È dal 10 aprile che la cosiddetta Guardia costiera libica non pattuglia più l’area di ricerca e soccorso costituita a suon di quattrini grazie all’appoggio di Italia e Ue. A confermarlo è un altro funzionario delle Nazioni Unite a Tripoli, che ha avuto accesso a informazioni ufficiali. In totale nel 2019, secondo altre fonti dell’alto commissariato Onu per i rifugiati, i guardacoste libici hanno intercettato barconi con migranti 12 volte, riportando nelle prigioni 1.015 persone: meno di un’operazione a settimana.
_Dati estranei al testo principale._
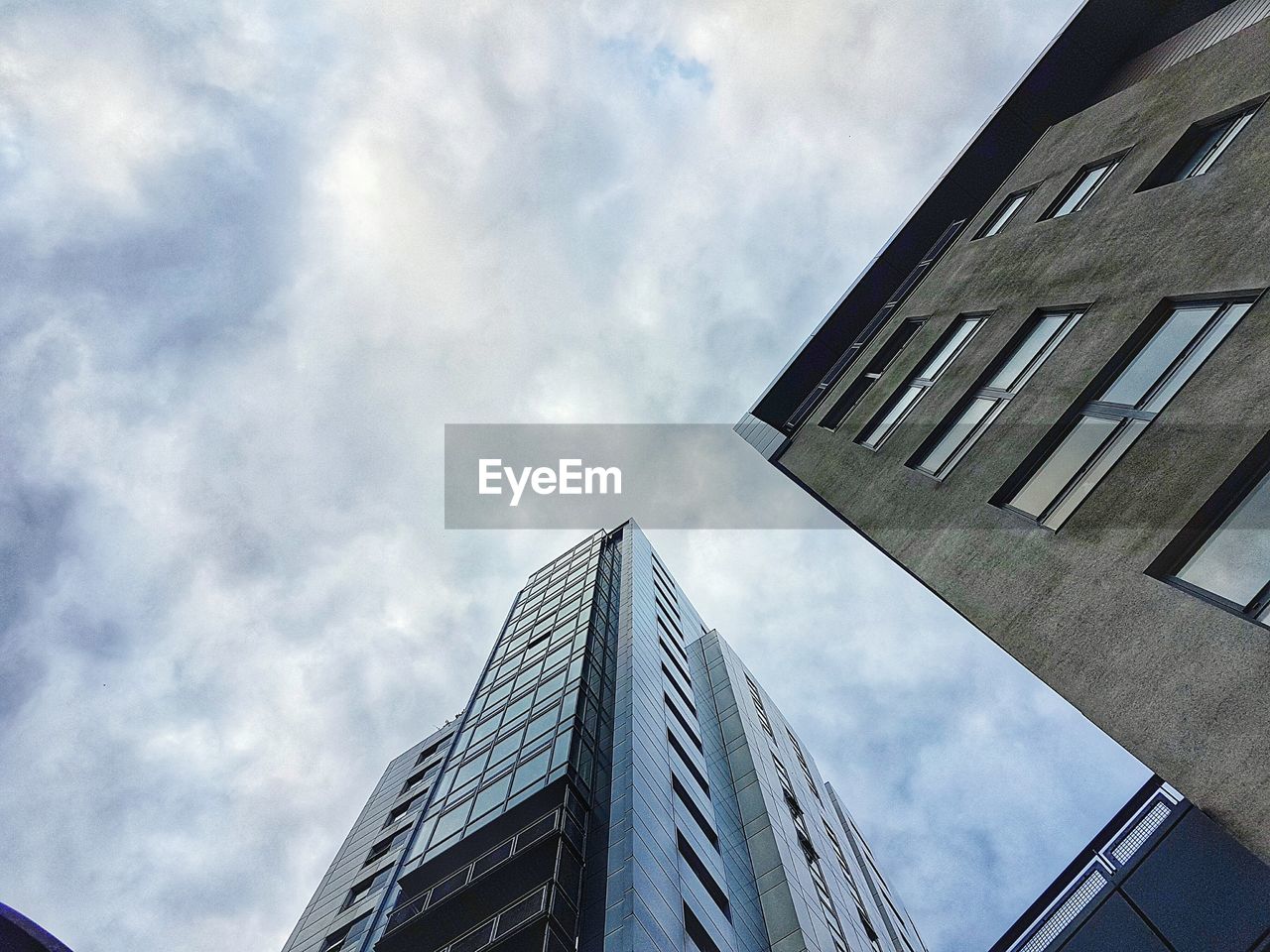 LOW ANGLE VIEW OF MODERN BUILDINGS AGAINST CLOUDY SKY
Nonostante questo sia le inchieste giornalistiche che le investigazioni della magistratura, in particolare quella di Agrigento, hanno appurato che i tempi di reazione della centrale di coordinamento dei soccorsi di Tripoli sono uno dei principali pericoli per chi, non solo migranti, si trovasse in difficoltà al largo della Libia. Ufficialmente l’esiguo numero degli interventi sarebbe determinato dal cospicuo calo delle partenze. Se così fosse non si capisce perché l’Italia debba fornire a proprie spese un’altra dozzina di pattugliatori navali a chi sembra non averne bisogno. I fatti, però, suggeriscono altre ipotesi.
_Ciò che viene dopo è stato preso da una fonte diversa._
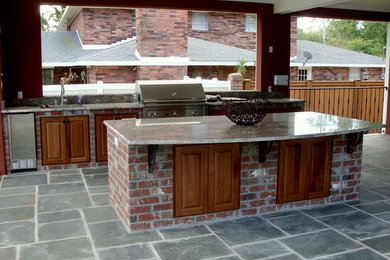 На фото: большой двор на заднем дворе в классическом стиле с летней кухней, покрытием из каменной брусчатки и навесом с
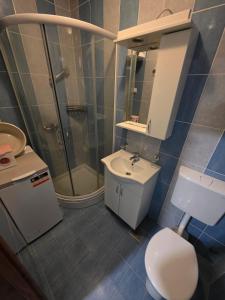 a bathroom with a toilet and a sink and a shower at Villa Nela in Tivat +24 photos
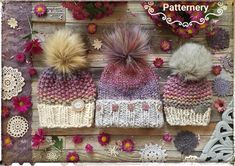 three knitted hats sitting on top of a wooden table next to pink and white flowers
Nei giorni scorsi più volte profili internet vicini alle operazioni militari anti Haftar hanno diffuso immagini di motovedette riadattate a operazioni di combattimento, spiegando così la sospensione delle attività di controllo sui migranti per orientarsi sulle capacità difensive nel conflitto che secondo l’Organizzazione mondiale della salute ha fatto registrare solo a Tripoli e dintorni 254 morti e 1.128 i feriti. L’inchiesta di Avvenire sulla reale attività dei guardacoste di Tripoli è al centro di alcuni esposti alla magistratura, in particolare ad Agrigento e Roma, chiamata a valutare se oltre alla palese violazione degli accordi con l’Italia da parte del governo libico (a causa dell’embargo Onu sulle armi da guerra non è infatti possibile cedere neanche alle autorità riconosciute di Sarraj materiali d’armamento) e se questo non pregiudichi la consegna di nuovi mezzi navali a Tripoli. Diverse fonti sul posto, inoltre, confermano come vi sia difficoltà nell’approvvigionamento di carburante per le motovedette, che così restano in porto in attesa di intervenire dal mare a difesa di Tripoli.
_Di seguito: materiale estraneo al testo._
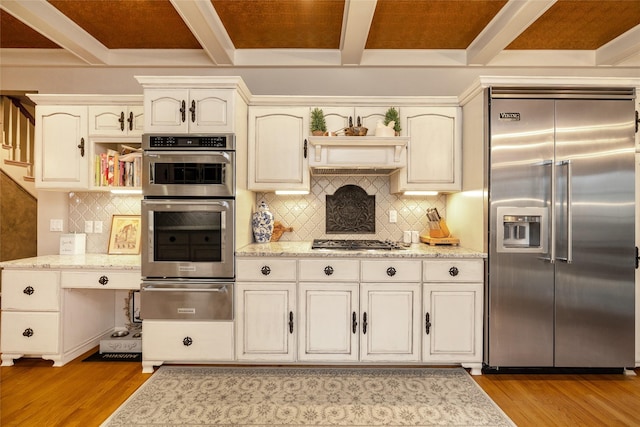 kitchen with stainless steel appliances, light wood-type flooring, and beam ceiling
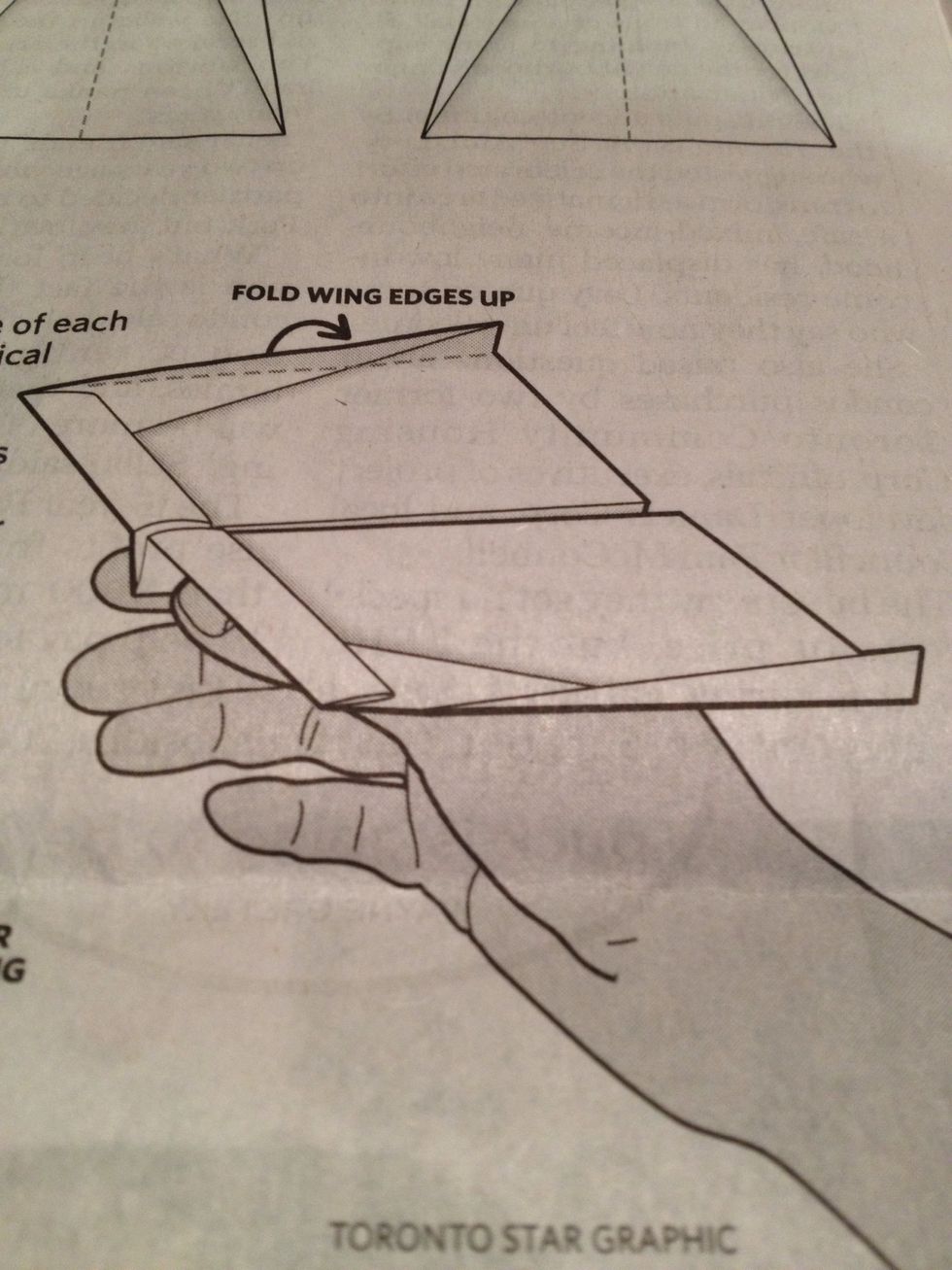 Crease the edge of each wing to add vertical stabilizers. If you've folded it properly the wing should curve up slightly, giving your plane lift.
Nel 2019 sono già stati 409 i migranti morti nel Mediterraneo, di cui 248 solo sulla rotta libica. Numeri in forte calo rispetto al 2018, ma di molto superiori al 2014, quando nel pieno della crisi siriana si registrarono 170.100 arrivi. All’epoca l’Organizzazione mondiale delle migrazioni aveva infatti registrato nei primi quattro mesi dell’anno 96 vittime.
A far temere in un peggioramento resta la situazione in Libia. È di 32.400 il numero degli sfollati dall’inizio degli scontri armati a Tripoli e dintorni. Lo scrive l’Ufficio delle Nazioni Unite per gli Affari umanitari (Ocha) in un aggiornamento sulla situazione nei dintorni della capitale. L’Ocha ha inoltre precisato che 3.600 rifugiati e migranti nei centri di detenzione sono esposti ai rischi derivanti dagli scontri.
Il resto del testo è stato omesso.